DESCRIPTION

trjconv can convert trajectory files in many ways:

1. from one format to another

2. select a subset of atoms

3. remove periodicity from molecules

4. keep multimeric molecules together

5. center atoms in the box

6. fit atoms to reference structure

7. reduce the number of frames

8. change the timestamps of the frames ( -t0 and -timestep )

9. cut the trajectory in small subtrajectories according to information in an index file. This allows subsequent analysis of the subtrajectories that could, for example be the result of a cluster analysis. Use option -sub This assumes that the entries in the index file are frame numbers and dumps each group in the index file to a separate trajectory file.

10. select frames within a certain range of a quantity given in an .xvg file.

The program trjcat can concatenate multiple trajectory files.

Currently seven formats are supported for input and output:

.xtc , .trr , .trj , .gro , .g96 ,

.pdb and .g87 The file formats are detected from the file extension. The precision of .xtc and .gro output is taken from the input file for .xtc , .gro and .pdb , and from the -ndec option for other input formats. The precision is always taken from -ndec , when this option is set. All other formats have fixed precision. .trr and .trj

output can be single or double precision, depending on the precision of the trjconv binary. Note that velocities are only supported in

.trr , .trj , .gro and .g96 files.

Option -app can be used to append output to an existing trajectory file. No checks are performed to ensure integrity of the resulting combined trajectory file.

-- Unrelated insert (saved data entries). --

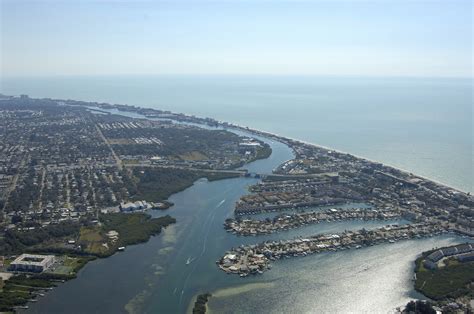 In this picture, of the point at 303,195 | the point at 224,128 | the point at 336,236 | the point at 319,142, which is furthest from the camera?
the point at 224,128

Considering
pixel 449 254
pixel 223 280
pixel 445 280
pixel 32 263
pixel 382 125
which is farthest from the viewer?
pixel 382 125

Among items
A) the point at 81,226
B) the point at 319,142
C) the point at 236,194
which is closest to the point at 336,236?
the point at 236,194

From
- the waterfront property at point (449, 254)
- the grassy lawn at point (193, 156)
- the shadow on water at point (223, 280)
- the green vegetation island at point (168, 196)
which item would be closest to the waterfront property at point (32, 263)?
the green vegetation island at point (168, 196)

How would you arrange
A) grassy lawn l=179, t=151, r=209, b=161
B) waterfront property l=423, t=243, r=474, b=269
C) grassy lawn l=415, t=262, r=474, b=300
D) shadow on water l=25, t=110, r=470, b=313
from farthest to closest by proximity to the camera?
grassy lawn l=179, t=151, r=209, b=161
waterfront property l=423, t=243, r=474, b=269
grassy lawn l=415, t=262, r=474, b=300
shadow on water l=25, t=110, r=470, b=313

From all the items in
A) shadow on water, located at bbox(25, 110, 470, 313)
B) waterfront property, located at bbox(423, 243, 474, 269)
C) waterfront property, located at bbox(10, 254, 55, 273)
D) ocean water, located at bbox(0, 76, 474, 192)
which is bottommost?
shadow on water, located at bbox(25, 110, 470, 313)

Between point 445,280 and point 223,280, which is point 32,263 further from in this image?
point 445,280

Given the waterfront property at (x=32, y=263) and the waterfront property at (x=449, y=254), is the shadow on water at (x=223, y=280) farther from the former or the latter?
the waterfront property at (x=32, y=263)

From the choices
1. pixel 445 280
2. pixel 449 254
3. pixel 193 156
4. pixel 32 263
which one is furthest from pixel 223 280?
pixel 193 156

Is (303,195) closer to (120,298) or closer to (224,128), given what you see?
(120,298)

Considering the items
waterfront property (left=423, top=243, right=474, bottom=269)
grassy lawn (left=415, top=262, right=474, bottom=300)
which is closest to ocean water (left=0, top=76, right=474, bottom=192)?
waterfront property (left=423, top=243, right=474, bottom=269)

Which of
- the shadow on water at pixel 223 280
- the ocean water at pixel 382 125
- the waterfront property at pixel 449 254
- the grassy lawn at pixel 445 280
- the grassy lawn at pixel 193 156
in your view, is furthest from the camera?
the grassy lawn at pixel 193 156

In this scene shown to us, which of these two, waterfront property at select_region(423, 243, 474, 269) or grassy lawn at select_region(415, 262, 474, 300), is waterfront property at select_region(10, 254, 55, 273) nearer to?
grassy lawn at select_region(415, 262, 474, 300) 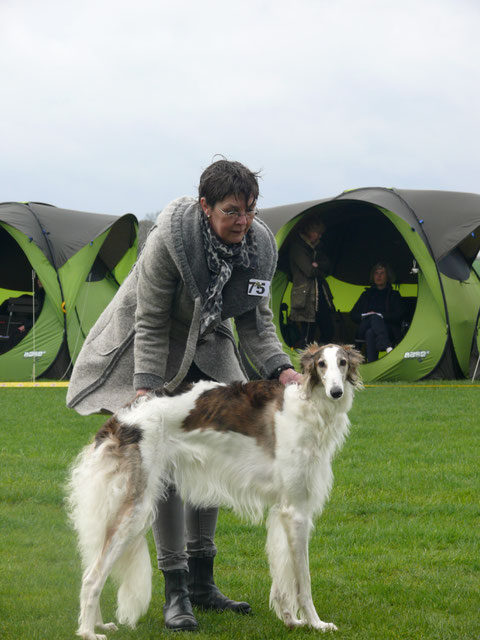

Option -sep can be used to write every frame to a seperate .gro, .g96 or .pdb file, default all frames all written to one file.

.pdb files with all frames concatenated can be viewed with

rasmol -nmrpdb

It is possible to select part of your trajectory and write it out to a new trajectory file in order to save disk space, e.g. for leaving out the water from a trajectory of a protein in water.

ALWAYS put the original trajectory on tape! We recommend to use the portable .xtc format for your analysis to save disk space and to have portable files.

There are two options for fitting the trajectory to a reference either for essential dynamics analysis or for whatever. The first option is just plain fitting to a reference structure in the structure file, the second option is a progressive fit in which the first timeframe is fitted to the reference structure in the structure file to obtain and each subsequent timeframe is fitted to the previously fitted structure. This way a continuous trajectory is generated, which might not be the case when using the regular fit method, e.g. when your protein undergoes large conformational transitions.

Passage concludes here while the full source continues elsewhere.